I've been a cooking fiend all day today. Cooked a spinach spoon bread using swiss chard instead of spinach since spinach has been pulled off the shelves. I made a carrot salad with pickles, cauliflower, black beans and swiss chard. I made sauteed sweet potatoes and carrots. I made basil chick peas and you guessed it, swiss chard. And I cooked a small roast beef in rosemary and lemon because I'm in need of a little red meat. I juiced a whack of beets, cabbage, lemons and apples and froze it so I don't have to juice it every single morning this week. I need a break from the juicing discipline I use every day. I feel like my time is so full with preparing food all the time.

My mind was going a mile a minute today. Inner ranting about a person who has been smothering me and this person isn't my friend. Trying to find a tactful way to extricate myself. I wonder why I'm such a magnet to some weird needy people that insist their selves on me. Or is it themselves? huh! It's the constant gibberish. "You called me for that?"

Oh well. Time to move on. It's hard to keep your focus when someone calls you 30 times a day. I have to wonder what the motive is. I have to wonder what kind of person can't get the message. And then I wonder where I'm like that in my life. Where am I not getting the message? Who or what might I be hounding with obsessive fervor? I look at the people in my life and it's not a who. The one person I was unsure of I don't have contact with. I thought maybe I could have been hounding him but nope. So what could I be hounding? Or what am I thinking about obsessively? Hmm!

Rearranged my kitchen, well, what I could of it. It's been transformed. It felt all cluttered and bogged down before. Still haven't finishing painting. Slow but sure, or something like that. Maybe just slow. I have to ask again, How do women with children do it all? I barely manage.

Not much to say tonight. Lots to say but nothing to share. ha ha!

EY

Posted by Shelley-Lynne Domingue at 8:25 PM EDT | Post Comment | Permalink | Share This Post
Saturday, 16 September 2006
Humber School for Writers
Now Playing: John Mayer
Topic: Writing Outings
Saturday 6:12pm 16Sept06

Went to the International Reading Series at harbourfront on Wednesday. It was the faculty and students from Humber College School for Writers program that I did in 2003.

Here are the notes that I wrote from that evening:

Wayson Choy
When we face a black page we're all equal.

M. G. Vassanji
he talked about being poor and not growing up with books in the house. He would go to the book store and try to read a book chapter by chapter until the owner kicked him out.
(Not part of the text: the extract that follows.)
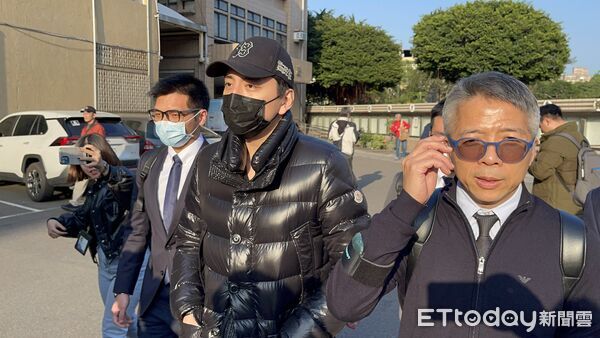 ▲▼ 藝人王大陸、女友闕沐軒、時任北市刑大偵三隊代理隊長劉居榮第4度開庭,70分鐘後離去。(圖/記者陸運陞攝,下同)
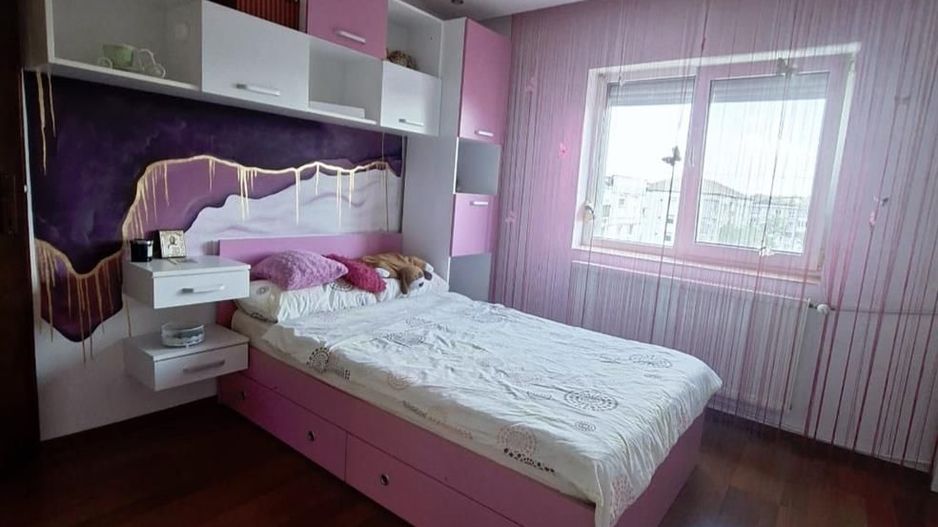 Apartament 3 camere Cantemir - Poză 2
He read a piece that he wrote about writing, some of it was tongue in cheek ... a writer makes friends of the gossip and back biter. A writer has no life outside of writing. As a writer you think that you are the perfect subject for a novel. A writer should keep writing when 10 teachers tell you that you haven't a hope in hell.

Paul Quarrington
said being a writer is indicative of an unhealthy psyche. A writer hides behind a veil of lies.

A writer has a pocket of obsessions.
He talked about the first two writing assignments that he gives in his class. The first one is to think of the perfect lover and to describe that person. He gives the room 25 mins or so to do this. The second assignment he asks the room to take the same lover and give him or her a tragedy. He gives them 4 mins to do this. He says that because they only have 4 mins they pull certain ideas out quickly and those ideas are their pocket of obsessions. That tends to be what a writer is obsessed with. Writers tend to write about what they are obsessed with.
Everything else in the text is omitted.